Numa entrevista concedida em França, em 1970, Andréi Tarkovski explica as razões de ter filmado a preto e branco e de se ter servido da côr no fim da fita: «O aparecimento da côr no fim de um filme a preto e branco permitiu-nos estabelecer uma ligação, uma correlação entre duas noções diferentes. Eis o que, no fundo, quizemos dizer: o preto e branco é mais realista porque, na minha opinião, o cinema a cores não atingiu ainda o estádio do realismo, lembra sempre uma fotografia colorida e está sempre eivado de exotismo. Psicologicamente, no seu dia a dia, o homem não é atraído pela côr — a menos que seja um pintor, consciente e voluntariamente interessado na ligação das cores, ou alguém com especial atracção pela côr. Ora, o que nos interessava, era relatar a vida. Para mim, no cinema, a vida traduz-se por imagens a preto e branco. A ligação entre o final colorido e o filme a preto e branco era para nós a expressão da ligação entre a arte de Rublióv e a sua vida.

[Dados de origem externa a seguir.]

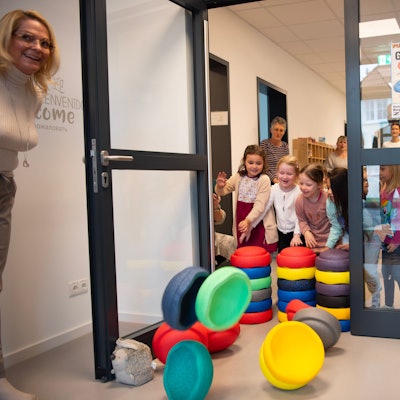 Kinder schmeißen bunte Stapelsteine, die eine Tür versperren, um. Neben der Tür steht ein Strauß bunter Luftballons.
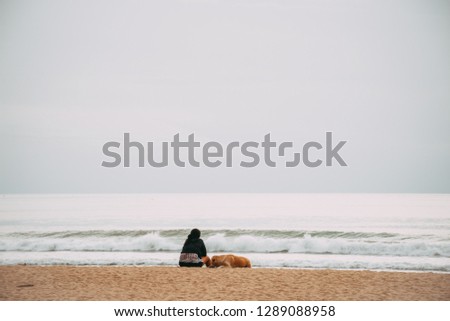 Lonely girl and dog sitting on the tropical beach looking out to sea and sky. Concept of holiday, summer vacation, relaxation and beautiful friendship. Copy space.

Grosso modo, isto resume-se assim: de um lado a vida quotidiana, realista, racional; do outro a convenção da expressão artística dessa vida, etapa ulterior de uma sequência lógica».

Andréi Tarkovski não é um autor prolífero. Com 50 anos (nasceu em Moscovo, em 1932), da sua filmografia constam, apenas, seis títulos, que não resistimos a mencionar:

  • «O Rolo Compressor e o Violino», de 1960: Filme de média metragem que Tarkovski realizou no fim do seu curso, no Instituto Estatal de Cinema da URSS (VGIK);

  • «A Infância de Ivan», de 1962: Filme que recebeu o Leão de Ouro na Mostra de Veneza, de 1962;

  • «Andréi Rublióv», de 1966/69;

  • «Solaris», de 1972: Filme de ficção científica, galardoado com o Prémio especial do Júri, no Festival de Cannes, de 1972;

  • «Espelho», de 1975;

  • «O Stalker», de 1979: Filme de ficção científica.

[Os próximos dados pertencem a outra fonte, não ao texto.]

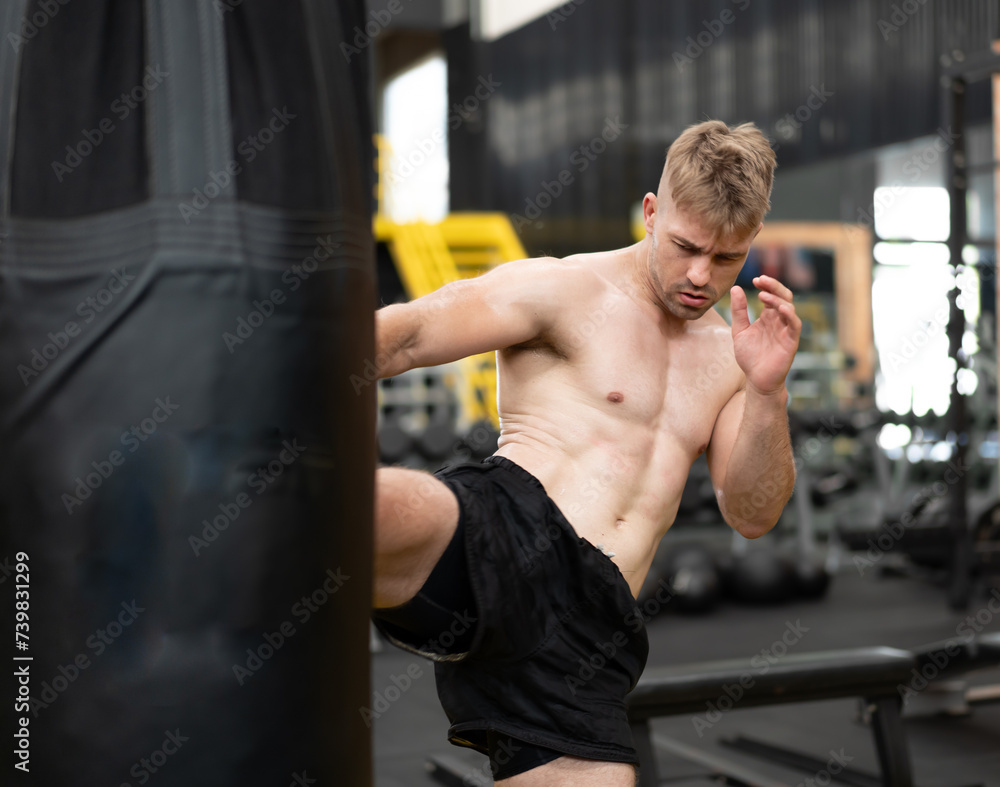 Male athlete boxing competition in ring. Caucasian ethnic man punch fighting in kickboxing exercise in fitness gym. Boxing is fighter sport training need body strength and power fist to knockout.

Os longos intervalos entre cada uma das suas obras, fazem crer que Tarkovski gosta de fazer amadurecer, tranquilamente os seus projectos, e que gostará de entrar na realização, sem problemas de tempo, nem pressões orçamentais. Um autêntico terror, para qualquer produtor ocidental.

Não será, também por isso, um autor de grandes audiências, já que o seu cinema nada tem de fácil, nem de ligeiro, pelo contrário, exige do espectador vulgar uma participação e uma compreensão que este nem sempre está disposto ou pode dar.

Oxalá o público português, tão cercado pelo «imperialismo cultural americano», demasiado habituado ao cinema hollywoodiano, altamente e lucrativamente sofisticado, o não evite. Se o fizer, comete um erro, pois não verá um dos filmes mais importantes da cinematografia russa e soviética, com lugar certo e destacado na História do Cinema Mundial.

 

 

(1) Huertas Lobo, (André Rubliov, in Paz e Amizade, n.° 19 - Suplemento.